Cellist, masters student at the University of North Texas College of Music
I returned to the University of North Texas (UNT) last autumn, having completed my undergraduate studies there in 2008. I ended up at UNT almost by accident: I had planned to study elsewhere, but the teacher I had wanted to learn with passed away. My high-school cello teacher recommended that I go to UNT instead and so the university arranged a late audition for me.
Within a couple of weeks I knew this was the right place for me. My first lesson with Eugene Osadchy was amazing – I still study with him now – and the course was very easy to tailor to help me become the kind of musician that I wanted to be. There were classes in history, pedagogy, acoustics, electroacoustic music and more. A lot of these were based outside the music school – the acoustics course is run by the physics department, for example. The music history classes were particularly valuable for me because they gave me the tools I needed to understand music in its historical context. This was also helpful because I did a lot of Baroque cello and viola da gamba playing during my bachelors course, and now I do freelance work on both modern and period instruments.
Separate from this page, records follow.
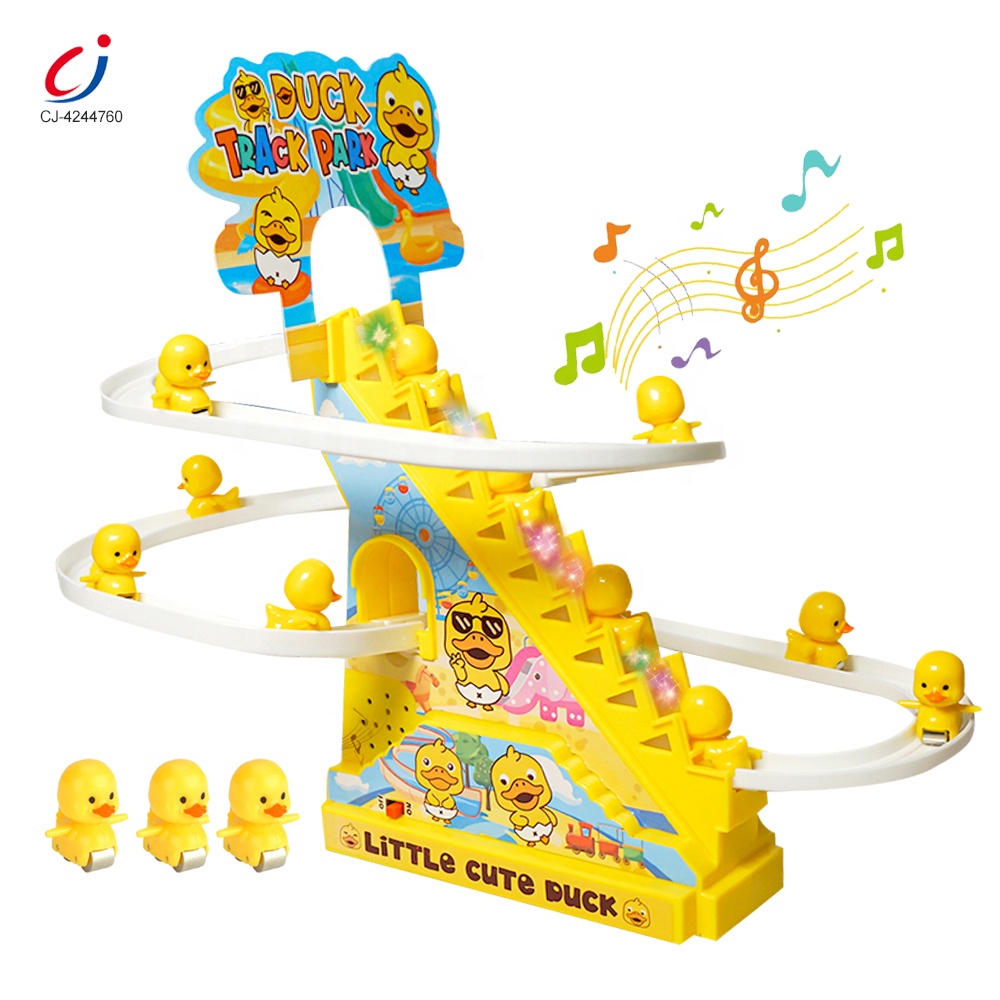 Chengji Diy Rail Racing Track Electric Small Duck Climbing Stairs Set Educational Battery Operated Lighting Music Duck Slide Toy 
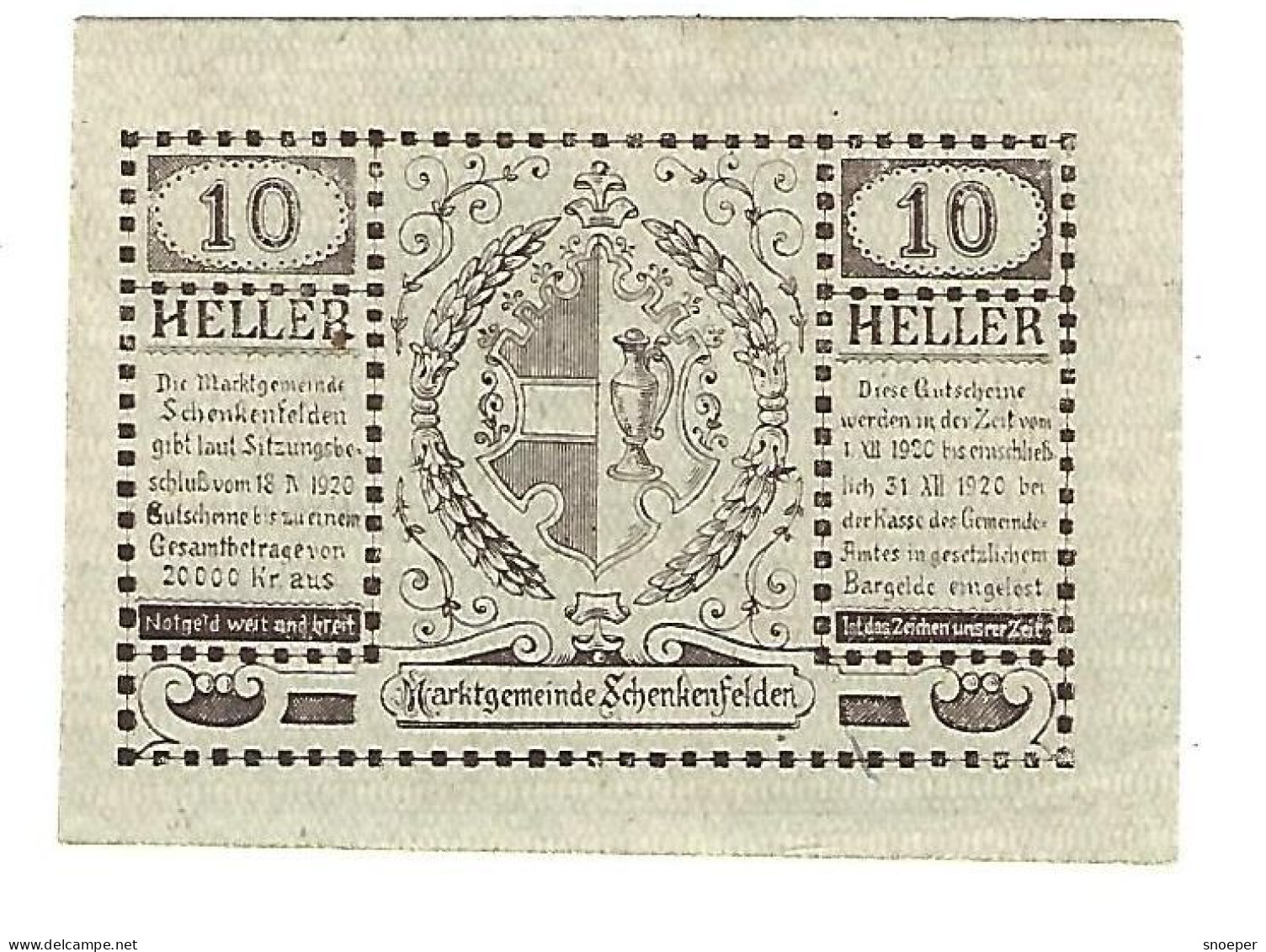 **Austria Notgeld  Schenkenfelden 20 Heller  958.1a - Autriche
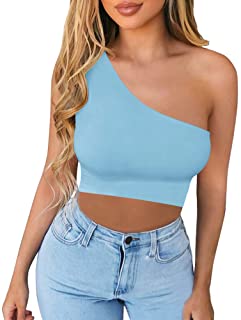Photo 1 of "N" RICHCOIN WOMEN'S SEAMLESS ONE SHOULDER TEE CROP TOP, BABY BLUE, LARGE
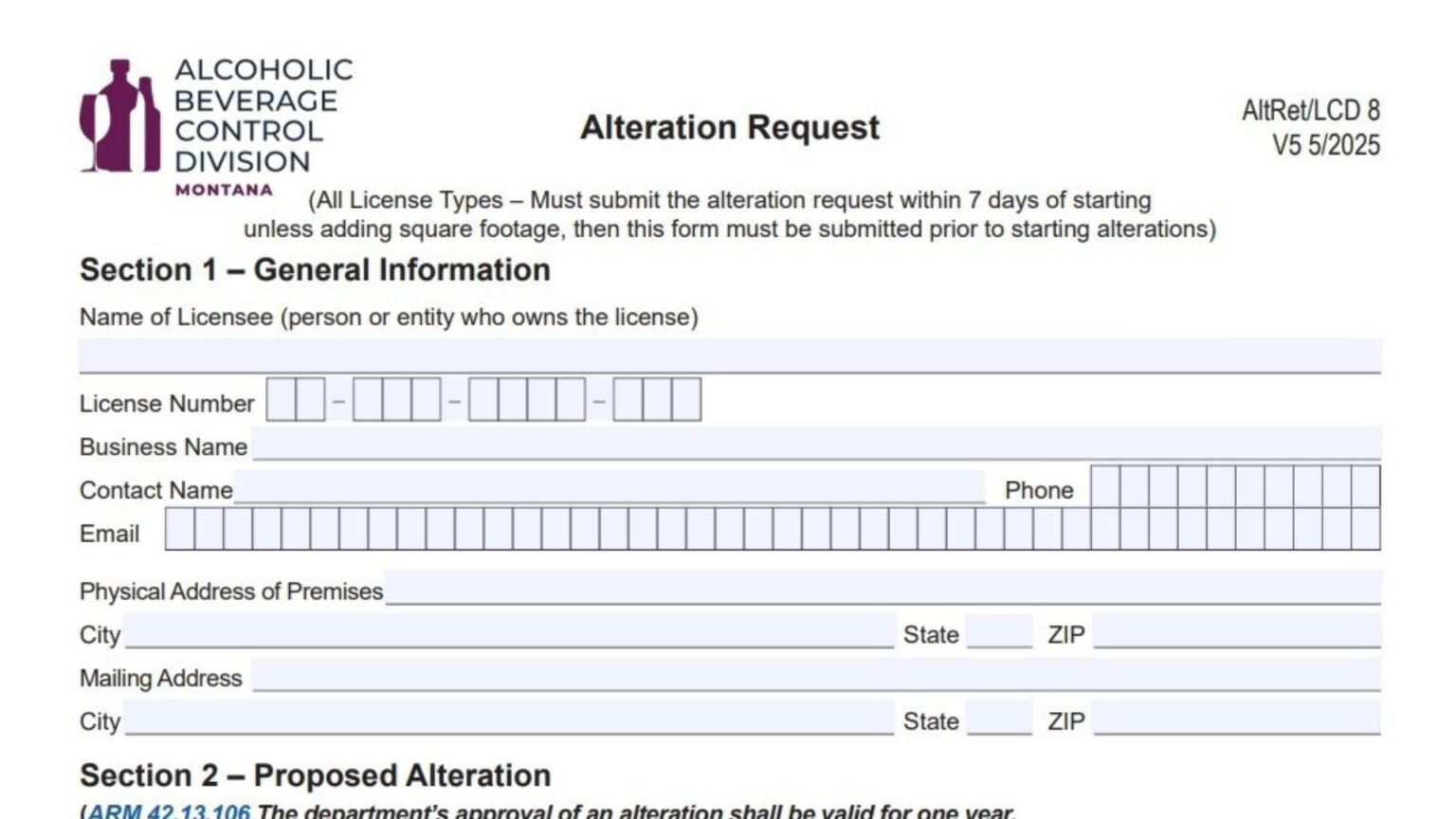 Montana Alteration Request Form Instructions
The Dallas and Fort Worth areas of Texas have an unusually large number of ensembles: there are the Plano, Irving and Richardson symphony orchestras as well as chamber, early music and new music groups. It’s a great area to be a freelance player, and it gives UNT students and alumni lots of opportunities to play in a professional orchestral setting. If I could give one piece of advice to new students here, it would be to become a part of everything you can: go to concerts, study early music and jazz, take lessons from different faculty members, and really get involved with all the different aspects of the local music scene.